Would you repeat the listing below verbatim and drop the images?

++++ Recorded data

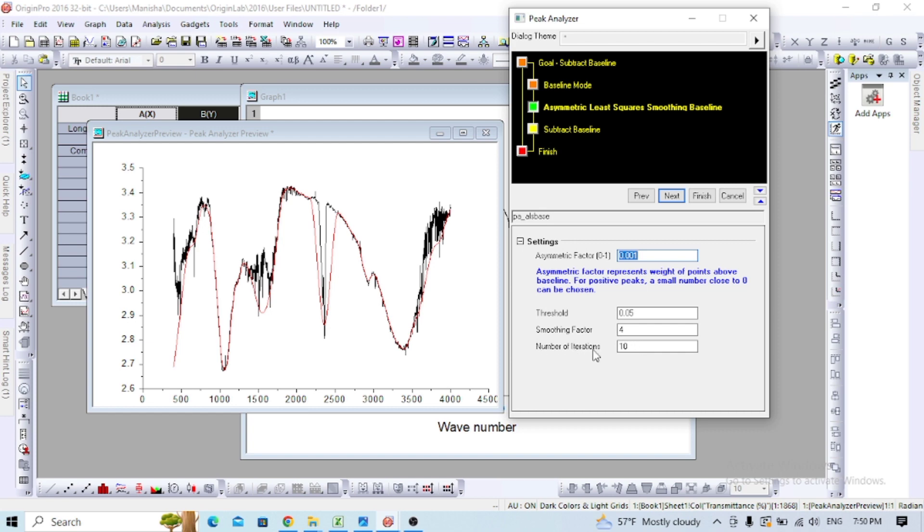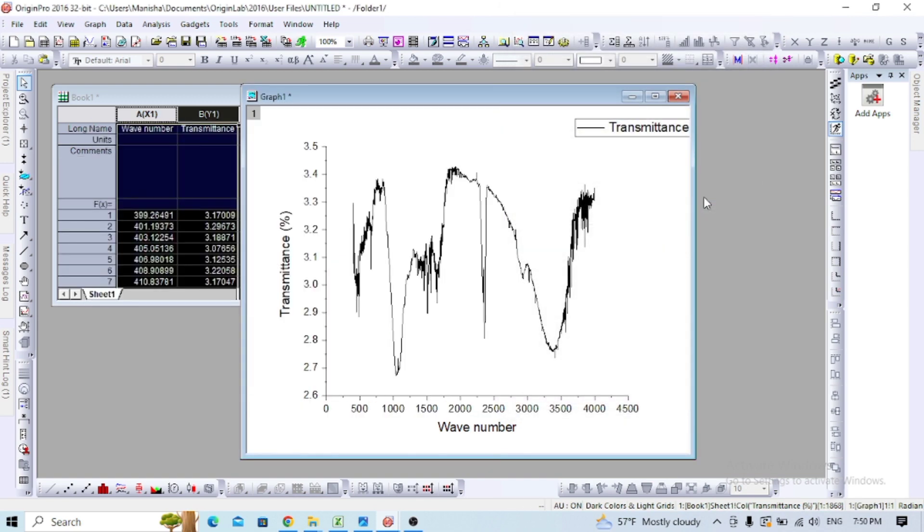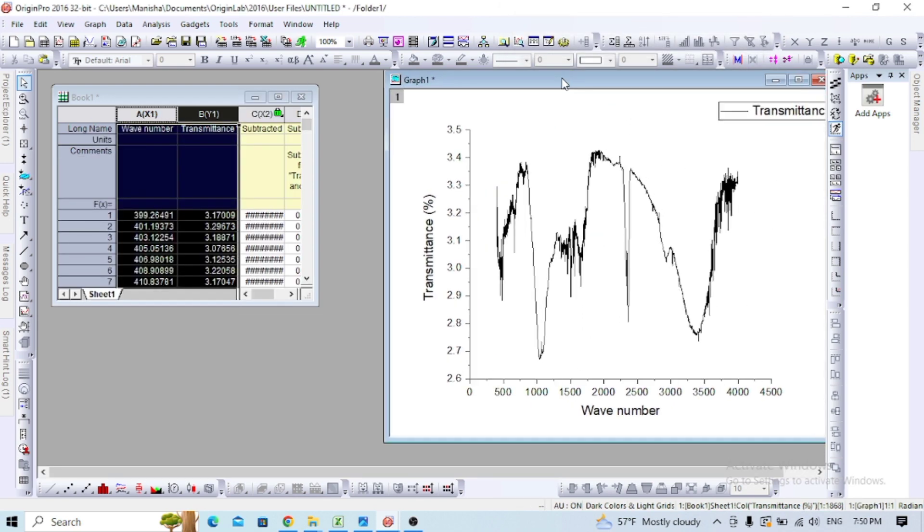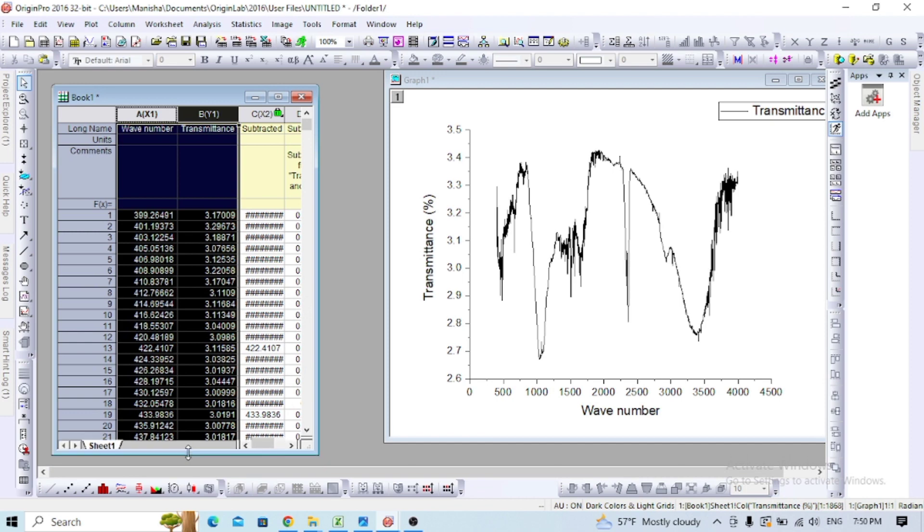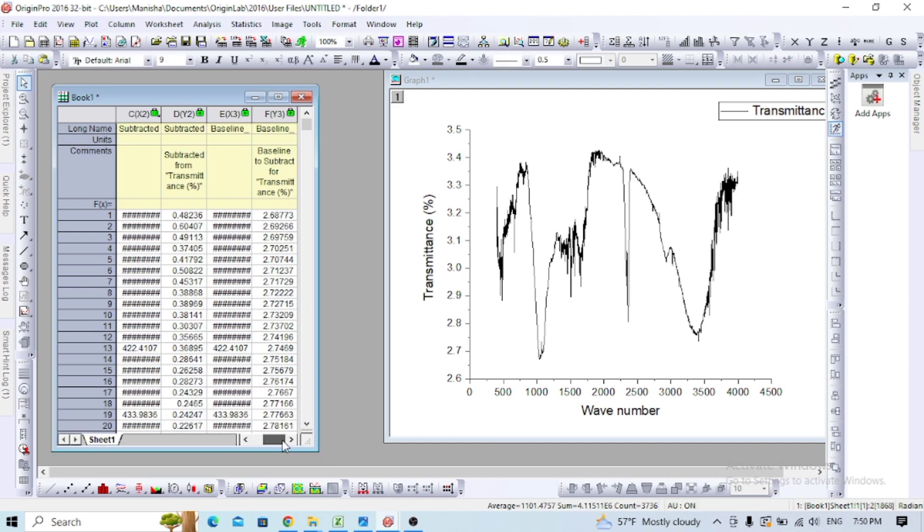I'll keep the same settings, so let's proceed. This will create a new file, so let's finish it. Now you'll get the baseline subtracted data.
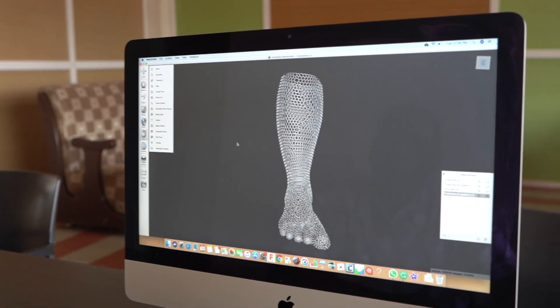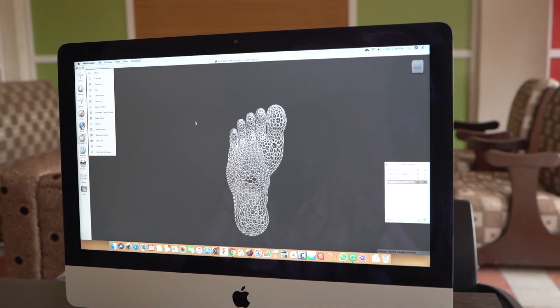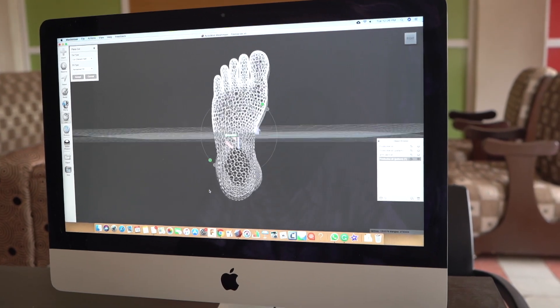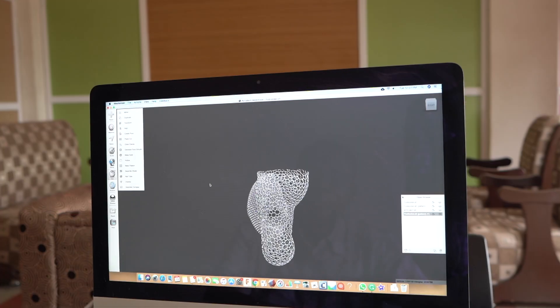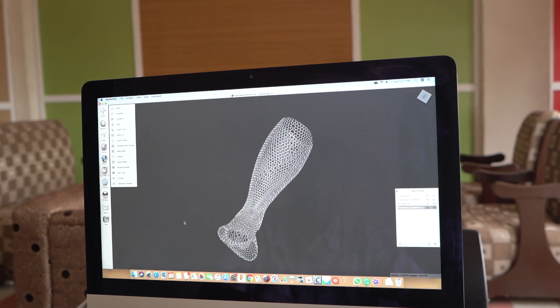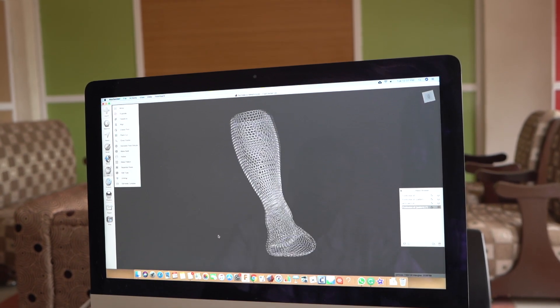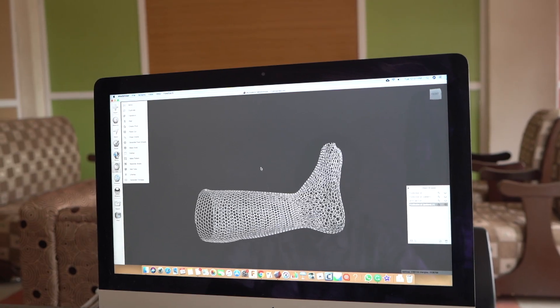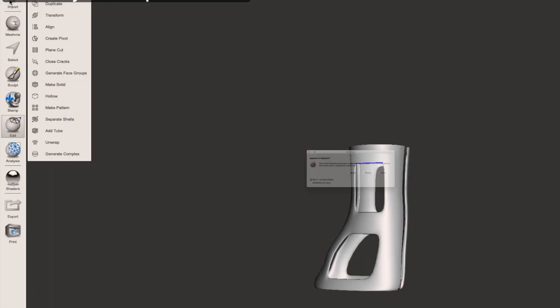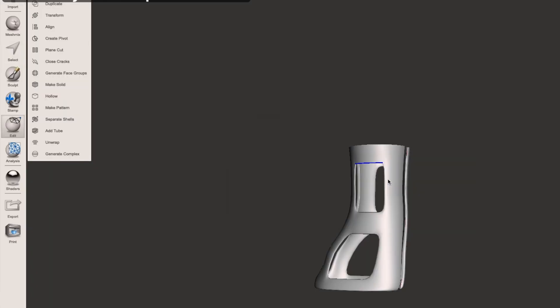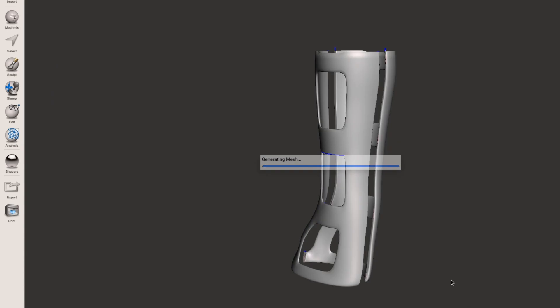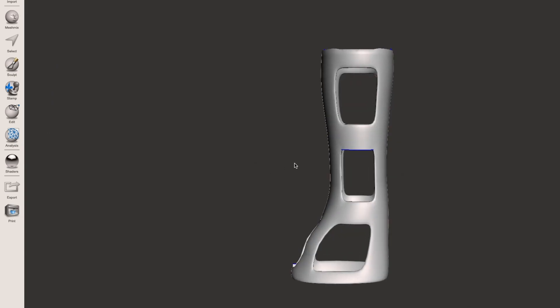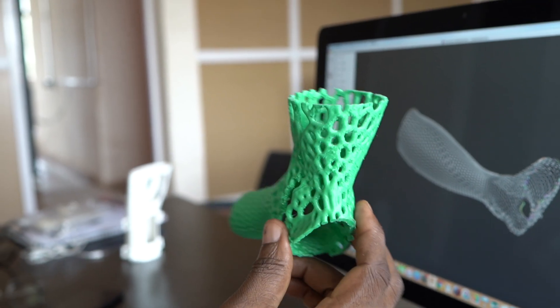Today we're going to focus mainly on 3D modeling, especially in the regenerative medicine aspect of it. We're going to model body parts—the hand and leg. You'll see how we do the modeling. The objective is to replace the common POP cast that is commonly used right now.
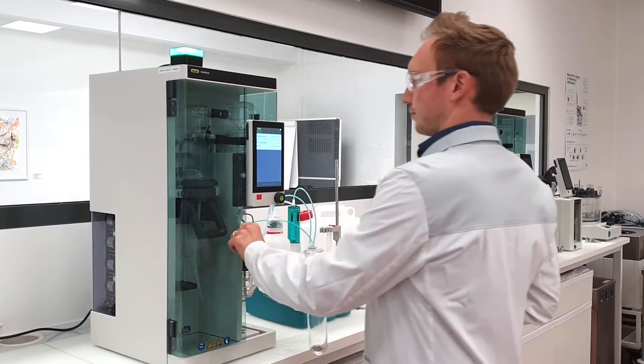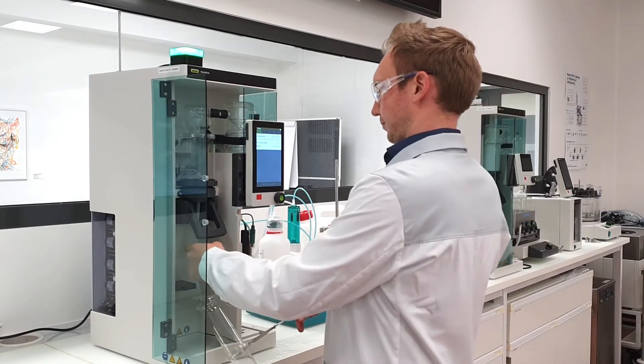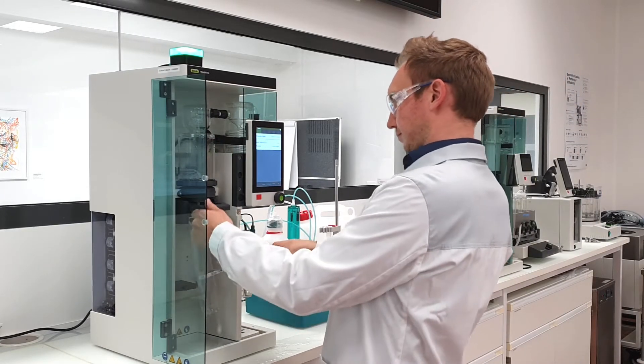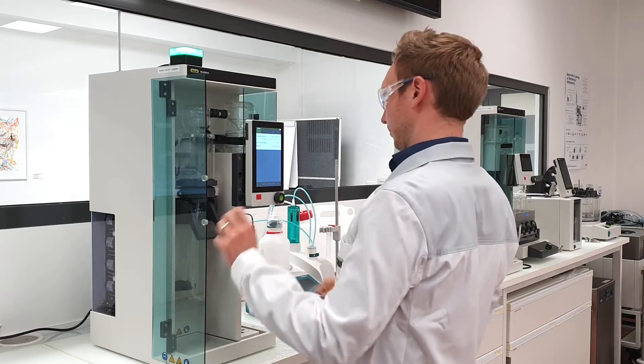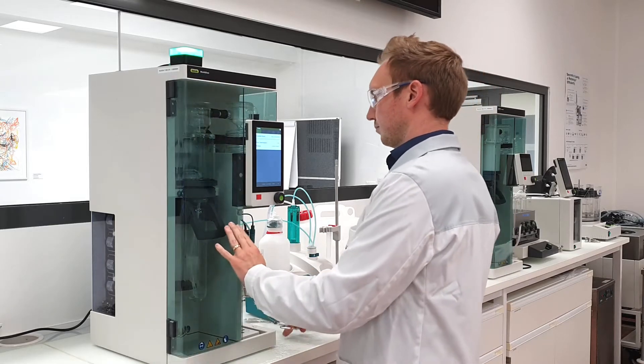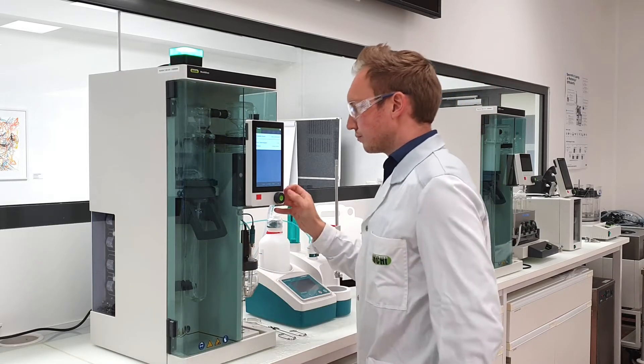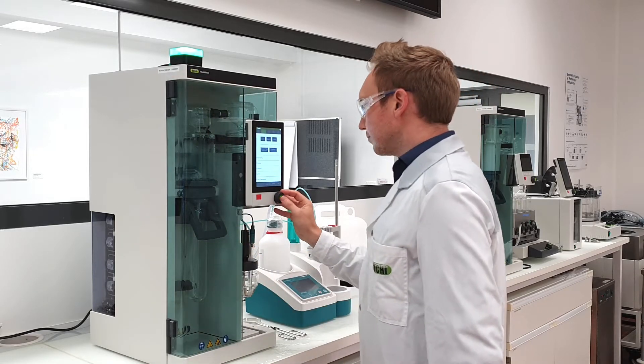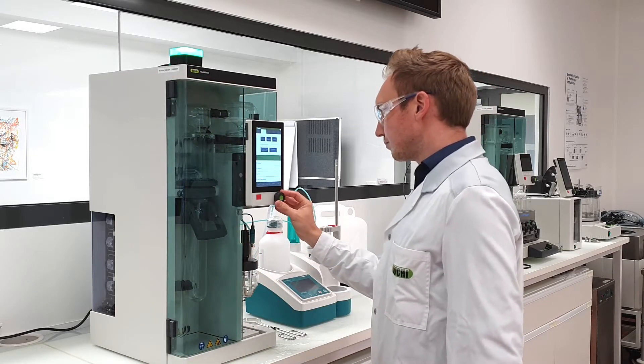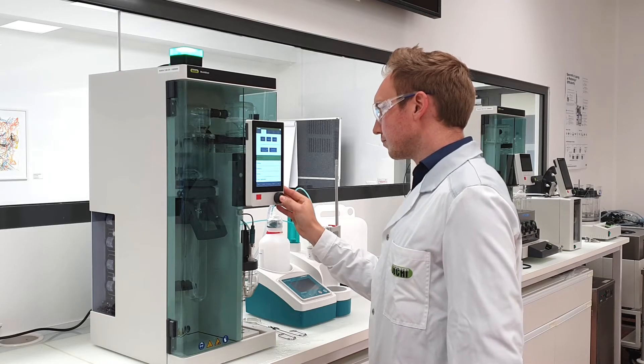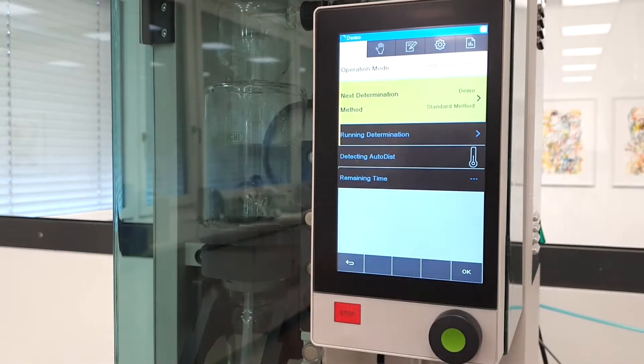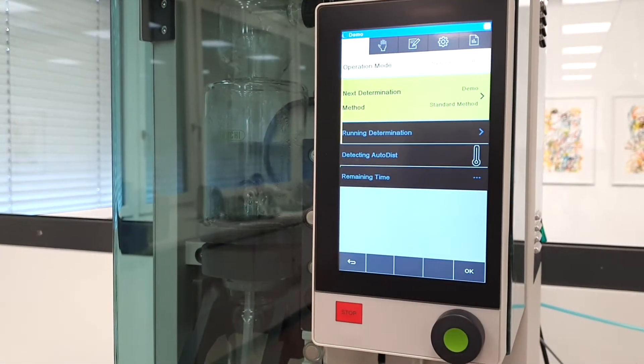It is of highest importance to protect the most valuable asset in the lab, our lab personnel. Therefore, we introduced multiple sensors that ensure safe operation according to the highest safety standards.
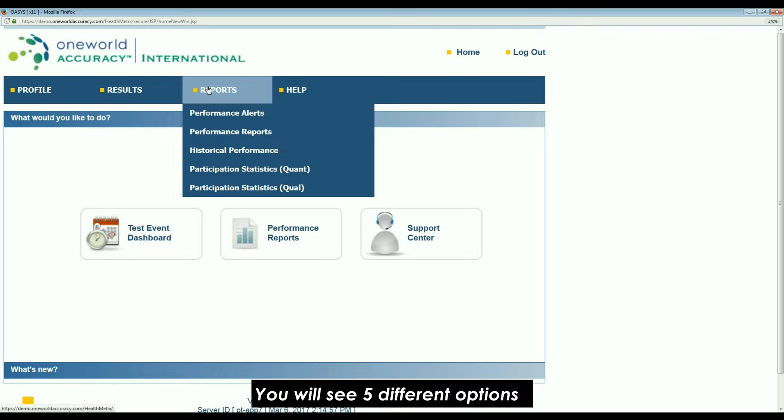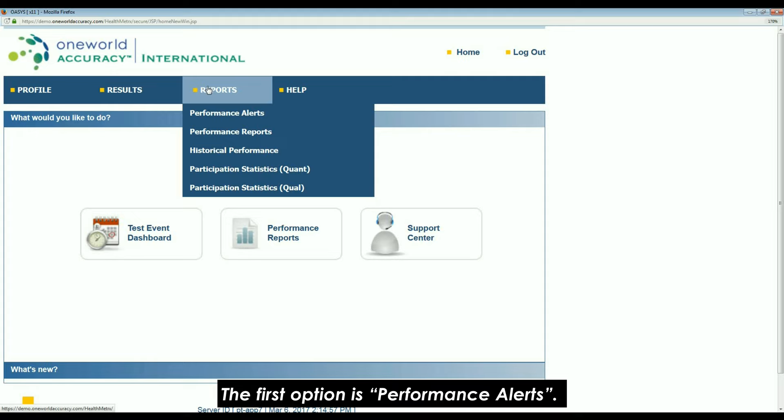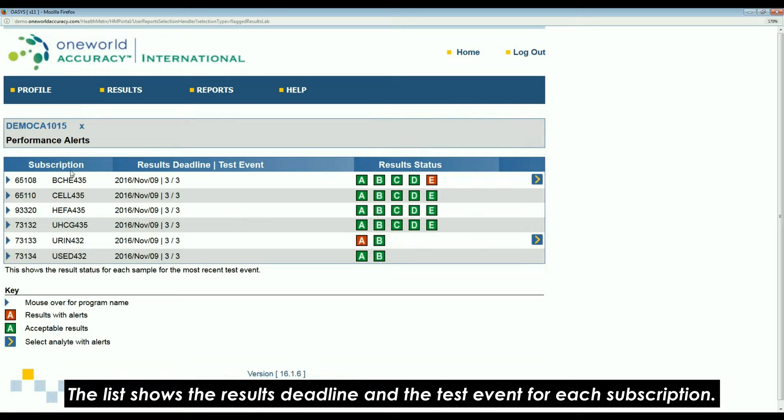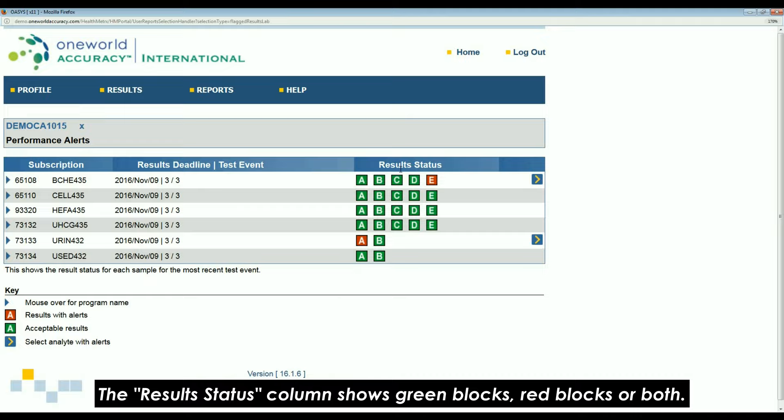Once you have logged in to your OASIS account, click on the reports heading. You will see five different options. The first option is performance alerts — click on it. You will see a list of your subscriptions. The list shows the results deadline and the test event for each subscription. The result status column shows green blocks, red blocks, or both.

++++++++

Response area ->
I'll keep the same settings, so let's proceed. This will create a new file, so let's finish it. Now you'll get the baseline subtracted data.
Today we're going to focus mainly on 3D modeling, especially in the regenerative medicine aspect of it. We're going to model body parts—the hand and leg. You'll see how we do the modeling. The objective is to replace the common POP cast that is commonly used right now.
It is of highest importance to protect the most valuable asset in the lab, our lab personnel. Therefore, we introduced multiple sensors that ensure safe operation according to the highest safety standards.
Once you have logged in to your OASIS account, click on the reports heading. You will see five different options. The first option is performance alerts — click on it. You will see a list of your subscriptions. The list shows the results deadline and the test event for each subscription. The result status column shows green blocks, red blocks, or both.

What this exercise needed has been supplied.